Not too long ago I found out that gpus don’t like it when execution of code is (too) branching and it made me feel like there might be some trick to make efficient conditional processing of data.
I thing I made one strange snippet.
code
#define store_if_true(Ty, addr, val, flag) \
*((__global Ty*)(((unsigned long)addr) + (((unsigned long)(flag == 0)) * ((1LU << 48) - ((unsigned long)addr))))) = val;
__kernel void kern(__global unsigned int* buffer) {
unsigned long ix = get_global_id(0);
buffer[ix] = ~(0U); // to not get garbage in the buffer
unsigned long even = (ix & 1) == 0;
store_if_true(unsigned int , &buffer[ix], 0, even); // nullify the value! (maybe)
}
This kernel writes a value only if invocation index is even without ifs *_*
The idea here is that when the flag is true, the store address gets computed to be beyond (1 << 48) byte location and apparently stores beyond valid address space on gpu… just become noops!
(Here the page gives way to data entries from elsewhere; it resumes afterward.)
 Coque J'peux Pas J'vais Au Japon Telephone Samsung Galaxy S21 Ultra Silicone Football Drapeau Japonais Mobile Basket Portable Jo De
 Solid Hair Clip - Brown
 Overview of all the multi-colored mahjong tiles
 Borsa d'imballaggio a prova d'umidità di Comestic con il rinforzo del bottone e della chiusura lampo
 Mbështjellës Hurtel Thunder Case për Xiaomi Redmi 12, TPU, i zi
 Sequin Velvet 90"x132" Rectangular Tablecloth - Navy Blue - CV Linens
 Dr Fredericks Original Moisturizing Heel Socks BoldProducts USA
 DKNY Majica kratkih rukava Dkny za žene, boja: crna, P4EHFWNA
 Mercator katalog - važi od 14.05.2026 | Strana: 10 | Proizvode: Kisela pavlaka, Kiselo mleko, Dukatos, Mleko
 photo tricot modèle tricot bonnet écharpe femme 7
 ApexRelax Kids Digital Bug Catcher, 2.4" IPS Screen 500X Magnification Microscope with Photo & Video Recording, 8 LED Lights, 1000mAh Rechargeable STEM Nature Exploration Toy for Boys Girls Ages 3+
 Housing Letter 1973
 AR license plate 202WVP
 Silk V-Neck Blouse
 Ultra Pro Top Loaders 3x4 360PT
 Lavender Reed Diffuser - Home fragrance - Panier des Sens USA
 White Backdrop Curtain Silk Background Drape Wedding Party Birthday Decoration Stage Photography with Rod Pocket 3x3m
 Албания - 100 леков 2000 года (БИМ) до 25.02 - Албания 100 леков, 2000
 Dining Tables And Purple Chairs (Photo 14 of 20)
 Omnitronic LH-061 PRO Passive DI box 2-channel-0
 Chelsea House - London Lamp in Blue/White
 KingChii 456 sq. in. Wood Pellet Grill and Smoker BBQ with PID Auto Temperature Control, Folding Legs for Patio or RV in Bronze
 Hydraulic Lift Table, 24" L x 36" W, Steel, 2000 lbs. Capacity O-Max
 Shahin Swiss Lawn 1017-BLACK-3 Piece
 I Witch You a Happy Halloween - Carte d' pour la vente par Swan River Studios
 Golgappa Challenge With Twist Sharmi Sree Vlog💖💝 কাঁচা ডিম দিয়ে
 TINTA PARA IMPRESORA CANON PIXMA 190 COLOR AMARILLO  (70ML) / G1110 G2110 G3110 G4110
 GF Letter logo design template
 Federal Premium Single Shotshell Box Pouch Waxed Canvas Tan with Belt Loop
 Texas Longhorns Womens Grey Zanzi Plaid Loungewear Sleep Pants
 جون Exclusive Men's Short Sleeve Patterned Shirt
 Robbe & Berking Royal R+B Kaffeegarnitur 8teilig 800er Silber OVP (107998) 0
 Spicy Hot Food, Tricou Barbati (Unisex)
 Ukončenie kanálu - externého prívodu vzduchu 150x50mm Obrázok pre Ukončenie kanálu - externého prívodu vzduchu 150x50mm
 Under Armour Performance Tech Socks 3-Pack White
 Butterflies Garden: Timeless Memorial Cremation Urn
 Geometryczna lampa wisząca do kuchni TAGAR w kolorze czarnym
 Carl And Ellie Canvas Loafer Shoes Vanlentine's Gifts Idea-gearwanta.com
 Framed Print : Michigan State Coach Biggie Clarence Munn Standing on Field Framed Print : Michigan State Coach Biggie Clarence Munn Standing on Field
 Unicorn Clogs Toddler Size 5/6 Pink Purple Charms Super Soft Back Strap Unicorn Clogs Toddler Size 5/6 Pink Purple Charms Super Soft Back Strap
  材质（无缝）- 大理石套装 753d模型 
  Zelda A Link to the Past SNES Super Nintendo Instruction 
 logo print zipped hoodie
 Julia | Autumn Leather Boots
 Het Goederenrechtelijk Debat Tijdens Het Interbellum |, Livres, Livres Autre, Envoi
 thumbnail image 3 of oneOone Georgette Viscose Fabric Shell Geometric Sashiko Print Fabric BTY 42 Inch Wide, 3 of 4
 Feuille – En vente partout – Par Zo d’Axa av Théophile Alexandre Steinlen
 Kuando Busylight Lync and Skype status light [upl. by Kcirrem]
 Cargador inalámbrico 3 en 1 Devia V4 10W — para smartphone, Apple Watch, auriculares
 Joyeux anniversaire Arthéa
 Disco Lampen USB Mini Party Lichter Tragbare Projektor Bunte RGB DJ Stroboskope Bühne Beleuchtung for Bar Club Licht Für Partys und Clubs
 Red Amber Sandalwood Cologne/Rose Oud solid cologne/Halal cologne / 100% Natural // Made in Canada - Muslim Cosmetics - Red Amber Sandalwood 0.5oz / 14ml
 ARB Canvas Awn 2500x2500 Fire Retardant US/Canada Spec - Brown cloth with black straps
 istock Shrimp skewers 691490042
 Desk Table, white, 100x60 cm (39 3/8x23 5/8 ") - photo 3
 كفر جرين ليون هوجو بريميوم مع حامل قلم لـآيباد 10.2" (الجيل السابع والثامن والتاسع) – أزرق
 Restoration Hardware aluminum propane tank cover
This looks useful, but I have a concern that this code might be exploiting some undefined behaviour. Is it safe to use it?
I would not expect that a wild write to arbitrary GPU memory “just become noops!”. This behavior could be well-defined or undefined, depending on whether or not you are using robust memory accesses. I don’t know if that’s an option in OpenCL or if it’s mandatory.
But regardless, wild writes are not something you should routinely do.
The reason to think they may be noops came to me from reading reference on amd gcn isa, where something like “stores to addresses not located in range of physical memory get discarded” was written there.
This is what’s puzzling me: apparently, they do and after some experimentation I can say memory location need not even be 1 << 48!
I have run the following code on two machines, one with intel hd graphics and another with radeon gpu.
The behaviour on intel machine seems like it does care if I write out of buffer bounds to any address, and on radeon any reads or writes to addresses below 1 << 40 segfault the programm.
__kernel void kern3(__global unsigned int* buffer) {
unsigned long ix = get_global_id(0);
// guaranteed to fill buffer with zeroes.
// attempt to read anything bellow it crushes the programm
buffer[ix] = *((__global unsigned int*)(1ul << 40)) ;
// same here. writes to location above 1 << 40 are ok, below crushes the programm
*((__global unsigned int*)(1ul << 40)) = 0 ;
// *((__global unsigned int*)(1ul << 39)) = 0 ; this segfaults on amd
}
I run a couple of iterations of one kernel with ifs and one kernel with this cursed addressing and I see about 1 second difference on 1GB buffer that cannot be dismissed due to random variation, I think.
__kernel void kern2(__global unsigned int* buffer) {
unsigned long ix = get_global_id(0);
unsigned long even = (ix & 1) == 0;
if (even) {
buffer[ix] = 0;
} else {
buffer[ix] = -1;
}
}